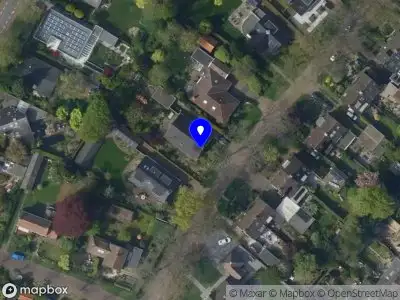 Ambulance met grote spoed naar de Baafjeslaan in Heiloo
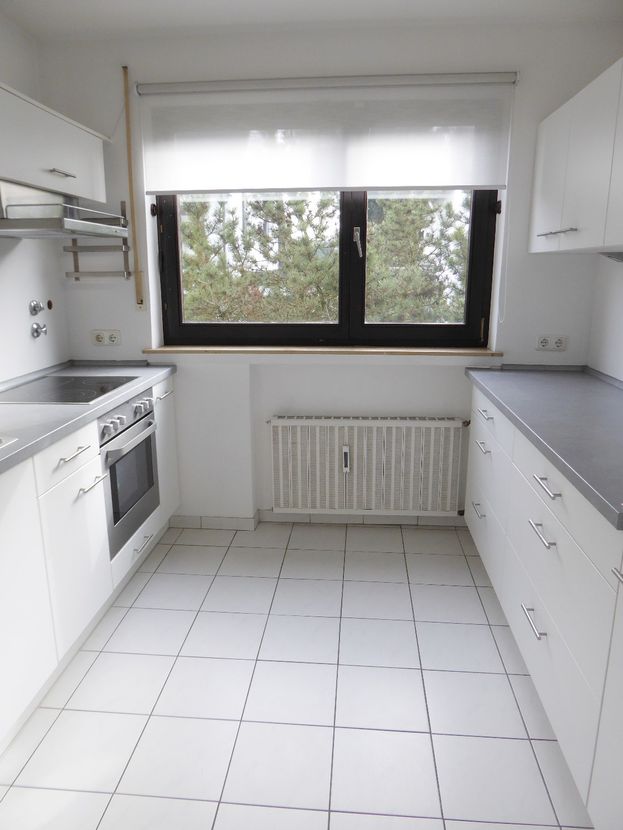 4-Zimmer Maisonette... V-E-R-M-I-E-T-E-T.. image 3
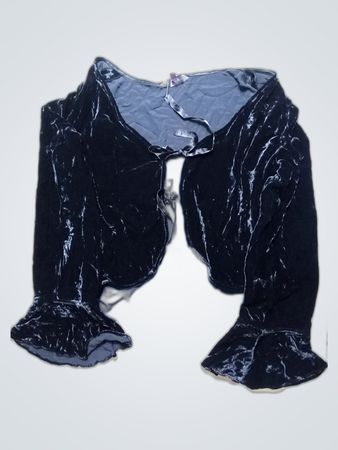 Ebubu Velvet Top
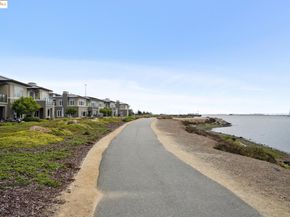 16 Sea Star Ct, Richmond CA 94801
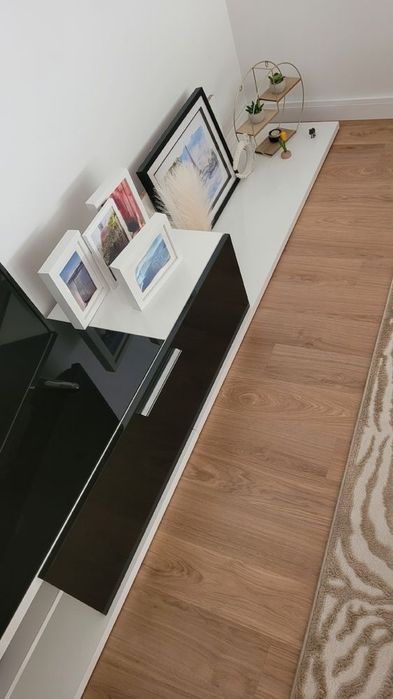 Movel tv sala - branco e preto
--
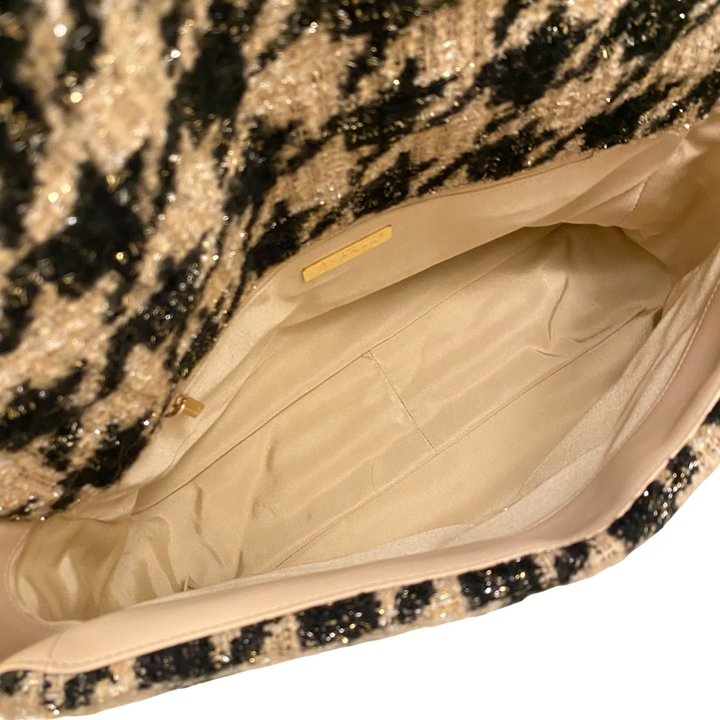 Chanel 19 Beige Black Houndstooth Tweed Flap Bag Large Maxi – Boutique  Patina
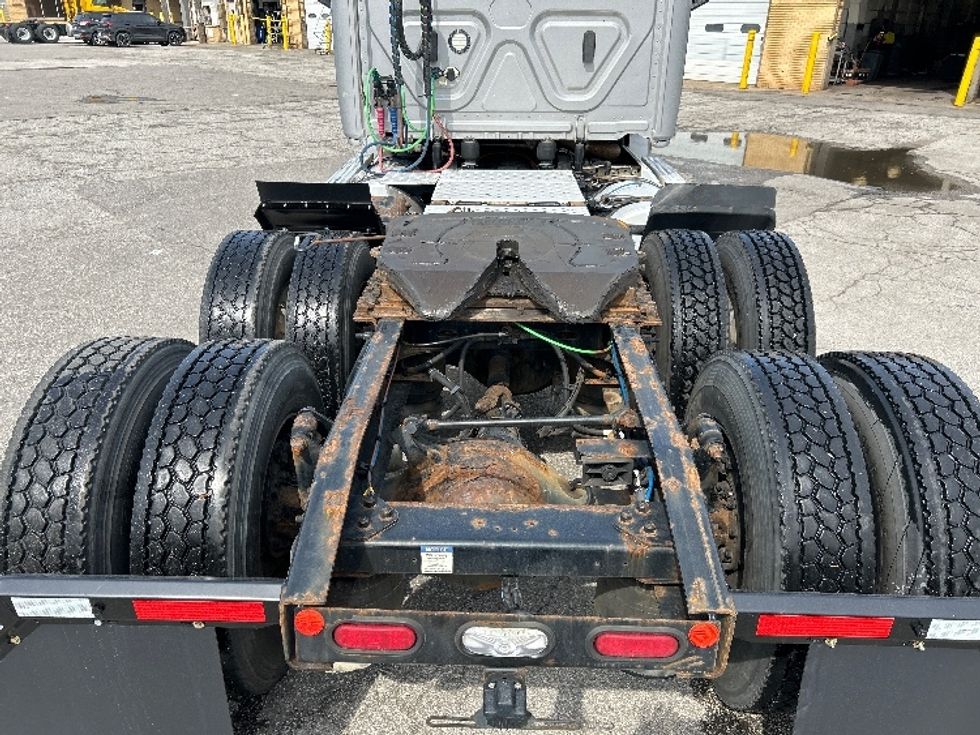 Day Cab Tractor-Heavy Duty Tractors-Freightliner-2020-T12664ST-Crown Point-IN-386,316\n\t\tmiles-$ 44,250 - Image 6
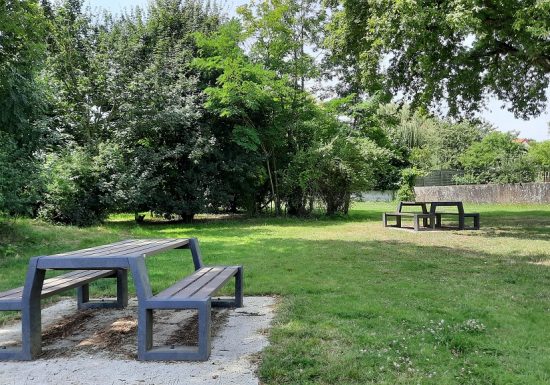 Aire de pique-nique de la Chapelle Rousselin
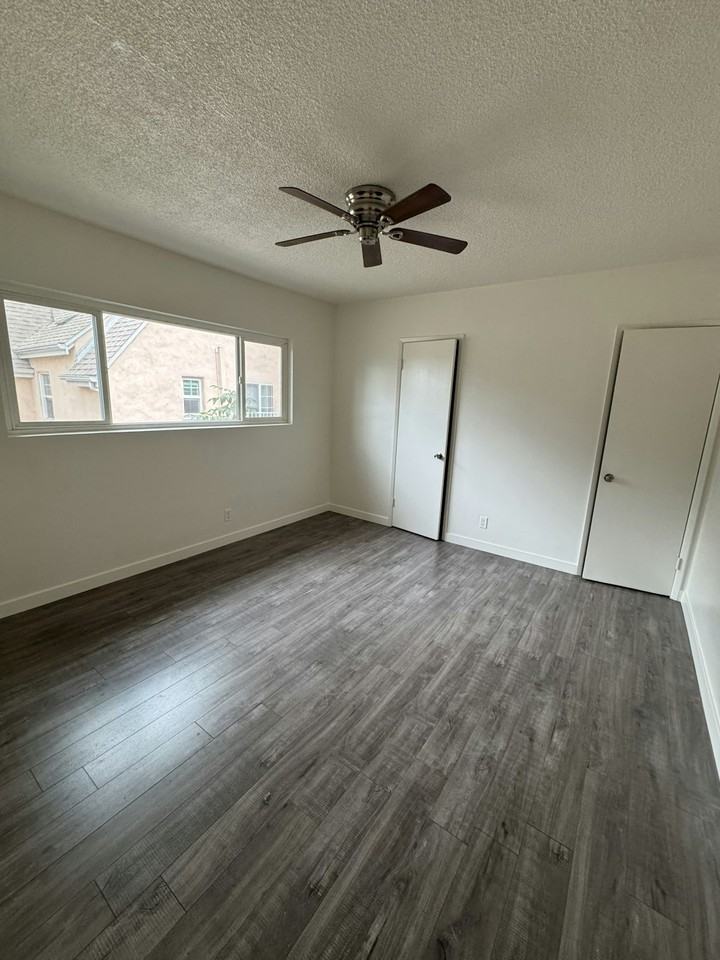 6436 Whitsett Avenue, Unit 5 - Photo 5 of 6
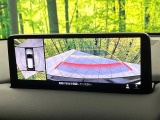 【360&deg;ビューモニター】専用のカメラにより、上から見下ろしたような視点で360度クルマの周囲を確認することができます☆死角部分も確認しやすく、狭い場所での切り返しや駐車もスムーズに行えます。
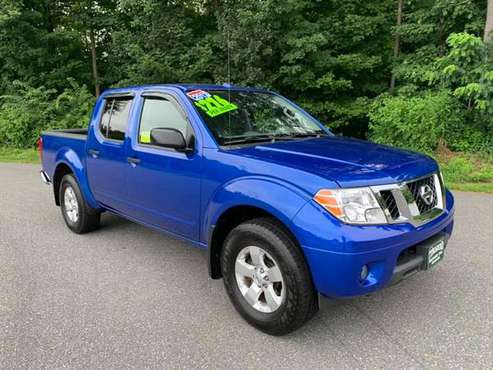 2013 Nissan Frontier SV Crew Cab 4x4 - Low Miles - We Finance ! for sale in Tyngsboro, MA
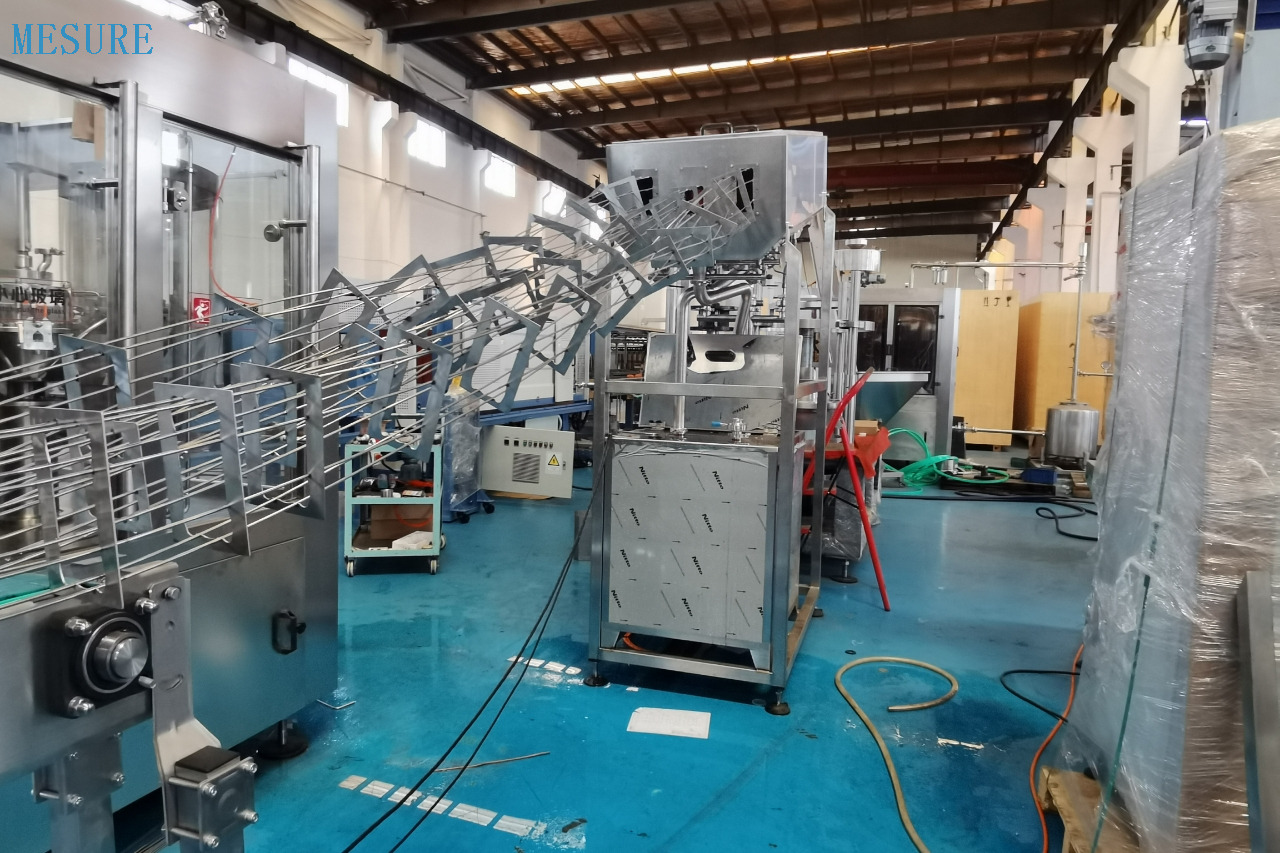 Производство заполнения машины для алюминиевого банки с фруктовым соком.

# [Exercise]
Among the entries above, locate the line with "Day Cab Tractor-Heavy" and the line with "6436 Whitsett Avenue, Unit 5 - Photo 5 of 6". Give those two lines and all lines between them again, exactly, leaving out the pictures.

# [Answer section]
 Day Cab Tractor-Heavy Duty Tractors-Freightliner-2020-T12664ST-Crown Point-IN-386,316\n\t\tmiles-$ 44,250 - Image 6
 Aire de pique-nique de la Chapelle Rousselin
 6436 Whitsett Avenue, Unit 5 - Photo 5 of 6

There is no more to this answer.